CatsCrdl

CatsCrdl

Daniel's thoughts on infosec

Container Escape Telemetry, Part 3: What Each Tool Actually Captured

Per-scenario telemetry breakdowns from 15 container escape and stress-test scenarios across Tetragon, Falco, and Tracee. The raw data behind the detection scores, and six patterns every container security deployment should monitor.

Daniel Wyleczuk-Stern

15-Minute Read

This is Part 3 of the container escape telemetry series (overview). Part 1 covered isolation primitives and the eBPF observability model. Part 2 covered the lab, the tools, and the detection coverage matrix. This post is the meat: per-scenario telemetry breakdowns showing what each tool actually captured, where the qualitative differences behind the checkmarks become concrete.

Not every scenario gets a deep dive. Some produced straightforward results that the coverage matrix already summarizes. I’m focusing on the scenarios where the cross-tool comparison reveals something interesting about how these tools work, where they disagree, and what the disagreements mean for detection engineering.

S03: nsenter – The Cleanest Comparison

The nsenter escape joins host PID 1’s namespaces via setns(). It’s the simplest escape to understand, and it produced the cleanest cross-tool comparison. The container runs nsenter -t 1 -m -u -i -p -- hostname, which opens four namespace file descriptors under /proc/1/ns/ and calls setns() on each one.

Tetragon recorded four sequential setns() kprobe events with namespace type flags decoded: 134217728 (mnt), 67108864 (uts), 536870912 (ipc), 131072 (pid). Each event included before/after namespace inodes, proving the transition from container to host. This is the kind of forensic evidence that makes an incident responder’s job straightforward: you can see the exact moment each namespace boundary was crossed, which direction the transition went, and confirm that the destination was the host.

Falco fired “Namespace Change from Container” five times (one from runc init during container startup, four from the actual nsenter) and “Sensitive Host File Read” four times when nsenter opened /proc/1/ns/*. The detection is solid, but you don’t get the before/after namespace inodes. You know a transition happened, but you can’t prove programmatically which namespaces changed.

Tracee captured the same four setns calls plus four switch_task_ns events showing the new namespace inodes after each transition. That switch_task_ns event is unique to Tracee. It fires on the kernel’s internal namespace switch, not just the syscall entry. It’s a subtly different observation point: setns tells you the process asked to change namespaces, switch_task_ns tells you the kernel actually did it. That distinction matters when setns could fail silently.

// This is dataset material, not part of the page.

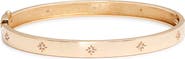 Anzie North Star Stella Diamond Cuff Bracelet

One gap worth noting across all three tools: none captured the preceding openat("/proc/1/ns/*") calls that resolve which namespace file each fd points to. The setns calls are recorded, but the fd-to-namespace-file linkage – openat("/proc/1/ns/ipc") returns fd=3, then setns(fd=3, CLONE_NEWIPC) – is absent. That linkage is essential for proving which specific namespace the attacker targeted. Closing this gap would require a custom openat kprobe in Tetragon, enabling the openat event in Tracee, or a dedicated Falco rule. It’s a small forensic detail that could matter in an investigation.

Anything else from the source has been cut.